En bref
Une SCM ne facture jamais un client, ne dégage jamais de bénéfice, et pourtant elle peut faire économiser des milliers d’euros de charges chaque année à ses associés. C’est justement ce paradoxe comptable qui piège la plupart des professionnels libéraux mal conseillés.
- 💡 Une SCM mutualise le loyer, le secrétariat, le matériel : chaque associé paie sa quote-part, pas plus.
- 💡 Les recettes des associés restent hors la société : la SCM ne peut légalement pas encaisser d’honoraires.
- 💡 La déclaration 2036 répartit les charges communes entre associés selon des clés définies dans les statuts.
- 💡 Chaque associé déclare sa quote-part sur son propre formulaire 2042 C pro, pas la SCM.
- 💡 Immatriculée sans capital minimum légal, la SCM se crée en ligne via le guichet unique en quelques jours.
- 💡 Mal répartir les clés de charges reste l’erreur la plus coûteuse, souvent découverte trop tard lors d’un contrôle fiscal.
SCM : qu'est-ce qu'une société civile de moyens et à qui s'adresse-t-elle ?

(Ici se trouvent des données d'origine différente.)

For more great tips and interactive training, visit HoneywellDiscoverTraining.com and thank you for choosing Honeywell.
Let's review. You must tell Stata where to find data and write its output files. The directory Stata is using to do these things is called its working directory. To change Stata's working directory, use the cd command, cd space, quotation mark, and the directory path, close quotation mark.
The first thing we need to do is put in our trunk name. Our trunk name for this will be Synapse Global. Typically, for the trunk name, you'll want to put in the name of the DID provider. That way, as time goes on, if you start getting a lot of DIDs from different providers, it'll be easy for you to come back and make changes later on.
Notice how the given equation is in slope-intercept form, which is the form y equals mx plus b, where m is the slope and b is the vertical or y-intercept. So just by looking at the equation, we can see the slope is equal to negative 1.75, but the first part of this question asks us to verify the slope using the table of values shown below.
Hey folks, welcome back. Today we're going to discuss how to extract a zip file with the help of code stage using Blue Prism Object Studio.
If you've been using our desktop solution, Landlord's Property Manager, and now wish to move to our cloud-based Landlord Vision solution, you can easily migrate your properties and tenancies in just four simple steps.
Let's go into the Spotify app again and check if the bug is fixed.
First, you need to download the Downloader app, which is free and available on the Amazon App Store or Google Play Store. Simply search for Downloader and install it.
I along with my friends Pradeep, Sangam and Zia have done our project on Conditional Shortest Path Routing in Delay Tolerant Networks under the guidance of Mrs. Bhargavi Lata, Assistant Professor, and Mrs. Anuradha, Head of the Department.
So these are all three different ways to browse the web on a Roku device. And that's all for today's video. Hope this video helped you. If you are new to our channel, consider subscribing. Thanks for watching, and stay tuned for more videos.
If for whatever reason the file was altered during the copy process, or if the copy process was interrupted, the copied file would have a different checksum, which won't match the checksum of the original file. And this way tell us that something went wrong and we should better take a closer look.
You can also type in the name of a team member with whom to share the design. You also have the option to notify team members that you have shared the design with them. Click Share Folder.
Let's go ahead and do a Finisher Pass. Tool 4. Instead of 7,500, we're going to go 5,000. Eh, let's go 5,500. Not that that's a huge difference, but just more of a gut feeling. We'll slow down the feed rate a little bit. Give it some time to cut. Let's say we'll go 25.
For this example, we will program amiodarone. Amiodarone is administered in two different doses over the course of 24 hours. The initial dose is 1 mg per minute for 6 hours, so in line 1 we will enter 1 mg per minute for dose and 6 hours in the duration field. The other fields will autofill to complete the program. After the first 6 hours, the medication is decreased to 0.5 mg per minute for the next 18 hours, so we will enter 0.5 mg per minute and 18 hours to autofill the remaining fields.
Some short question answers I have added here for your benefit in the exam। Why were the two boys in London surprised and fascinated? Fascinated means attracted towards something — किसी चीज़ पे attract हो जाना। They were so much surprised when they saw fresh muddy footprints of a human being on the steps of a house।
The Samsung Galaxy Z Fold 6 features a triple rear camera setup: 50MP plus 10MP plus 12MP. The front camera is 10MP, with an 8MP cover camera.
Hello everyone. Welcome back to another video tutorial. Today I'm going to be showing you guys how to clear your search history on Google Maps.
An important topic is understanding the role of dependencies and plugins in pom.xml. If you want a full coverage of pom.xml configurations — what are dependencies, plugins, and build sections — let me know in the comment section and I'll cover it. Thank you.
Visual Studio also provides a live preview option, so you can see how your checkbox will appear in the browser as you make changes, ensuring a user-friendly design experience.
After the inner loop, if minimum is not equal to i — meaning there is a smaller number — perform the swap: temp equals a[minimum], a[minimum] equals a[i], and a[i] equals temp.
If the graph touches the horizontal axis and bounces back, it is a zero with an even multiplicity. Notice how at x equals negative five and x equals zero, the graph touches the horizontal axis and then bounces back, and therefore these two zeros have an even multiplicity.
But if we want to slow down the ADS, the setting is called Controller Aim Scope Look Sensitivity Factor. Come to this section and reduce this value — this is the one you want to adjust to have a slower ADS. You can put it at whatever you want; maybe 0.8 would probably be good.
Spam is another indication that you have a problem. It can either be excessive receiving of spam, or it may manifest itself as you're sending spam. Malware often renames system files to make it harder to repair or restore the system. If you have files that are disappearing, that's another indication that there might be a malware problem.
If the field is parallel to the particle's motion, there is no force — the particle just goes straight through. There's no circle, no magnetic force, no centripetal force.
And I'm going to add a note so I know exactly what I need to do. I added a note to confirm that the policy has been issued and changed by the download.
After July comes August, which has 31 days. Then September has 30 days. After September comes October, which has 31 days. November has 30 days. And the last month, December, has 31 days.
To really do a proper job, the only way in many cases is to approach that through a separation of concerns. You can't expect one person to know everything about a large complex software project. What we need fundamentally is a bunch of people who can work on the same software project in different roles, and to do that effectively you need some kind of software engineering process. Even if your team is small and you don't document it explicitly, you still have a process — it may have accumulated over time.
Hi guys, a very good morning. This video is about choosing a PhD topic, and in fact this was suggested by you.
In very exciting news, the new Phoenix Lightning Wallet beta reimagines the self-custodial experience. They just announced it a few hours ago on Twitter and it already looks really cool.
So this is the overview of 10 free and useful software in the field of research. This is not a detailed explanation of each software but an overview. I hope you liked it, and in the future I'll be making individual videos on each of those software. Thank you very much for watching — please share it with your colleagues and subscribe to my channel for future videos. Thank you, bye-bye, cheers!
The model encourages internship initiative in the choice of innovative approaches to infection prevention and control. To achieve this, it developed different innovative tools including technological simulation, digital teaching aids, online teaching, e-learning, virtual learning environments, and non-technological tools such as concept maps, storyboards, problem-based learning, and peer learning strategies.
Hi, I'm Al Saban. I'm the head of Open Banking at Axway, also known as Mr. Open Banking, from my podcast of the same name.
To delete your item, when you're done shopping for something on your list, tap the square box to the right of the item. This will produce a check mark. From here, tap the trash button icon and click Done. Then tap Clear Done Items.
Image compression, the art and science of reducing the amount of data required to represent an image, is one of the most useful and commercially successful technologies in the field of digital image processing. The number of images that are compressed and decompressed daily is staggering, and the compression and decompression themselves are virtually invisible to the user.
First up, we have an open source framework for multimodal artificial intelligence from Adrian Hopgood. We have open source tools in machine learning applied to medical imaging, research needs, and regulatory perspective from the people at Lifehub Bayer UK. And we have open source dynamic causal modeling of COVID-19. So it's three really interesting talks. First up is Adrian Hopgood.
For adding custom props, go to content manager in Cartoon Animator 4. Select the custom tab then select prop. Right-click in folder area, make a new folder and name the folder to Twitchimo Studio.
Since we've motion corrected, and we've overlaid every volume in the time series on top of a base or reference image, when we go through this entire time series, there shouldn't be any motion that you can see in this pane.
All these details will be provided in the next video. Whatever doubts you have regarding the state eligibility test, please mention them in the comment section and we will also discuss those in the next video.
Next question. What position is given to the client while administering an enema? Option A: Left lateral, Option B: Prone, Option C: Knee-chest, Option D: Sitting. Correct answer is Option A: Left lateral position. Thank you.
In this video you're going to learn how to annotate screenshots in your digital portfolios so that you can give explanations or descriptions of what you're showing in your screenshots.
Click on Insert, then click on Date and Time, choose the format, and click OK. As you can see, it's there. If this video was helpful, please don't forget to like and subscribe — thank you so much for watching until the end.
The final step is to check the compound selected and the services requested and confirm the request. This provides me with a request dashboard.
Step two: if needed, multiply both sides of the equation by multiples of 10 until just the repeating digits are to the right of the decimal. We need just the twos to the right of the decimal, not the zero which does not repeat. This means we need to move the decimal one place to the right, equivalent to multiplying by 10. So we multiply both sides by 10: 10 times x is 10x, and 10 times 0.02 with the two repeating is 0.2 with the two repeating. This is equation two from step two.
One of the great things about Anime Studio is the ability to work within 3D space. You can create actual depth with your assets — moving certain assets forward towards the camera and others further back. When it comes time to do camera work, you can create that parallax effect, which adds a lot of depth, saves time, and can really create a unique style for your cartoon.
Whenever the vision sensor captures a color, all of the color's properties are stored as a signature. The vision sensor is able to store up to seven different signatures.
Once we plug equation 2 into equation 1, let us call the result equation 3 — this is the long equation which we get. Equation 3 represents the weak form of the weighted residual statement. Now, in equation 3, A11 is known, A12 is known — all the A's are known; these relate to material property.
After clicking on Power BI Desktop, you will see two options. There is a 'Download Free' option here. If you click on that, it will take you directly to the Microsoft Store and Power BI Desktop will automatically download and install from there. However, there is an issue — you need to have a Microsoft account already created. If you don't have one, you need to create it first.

Une SCM, ou société civile de moyens, n’est ni un cabinet ni une société d’exercice. C’est une structure juridique dont l’unique fonction est de mutualiser des moyens matériels et humains entre plusieurs professionnels indépendants. Secrétariat partagé, local commun, matériel médical ou informatique : tout ce qui coûte cher à titre individuel devient supportable une fois réparti entre associés. Selon le site du service public des entreprises, la SCM est spécifiquement conçue pour les professions libérales qui souhaitent partager des moyens d’exploitation sans partager leur clientèle ni leurs recettes.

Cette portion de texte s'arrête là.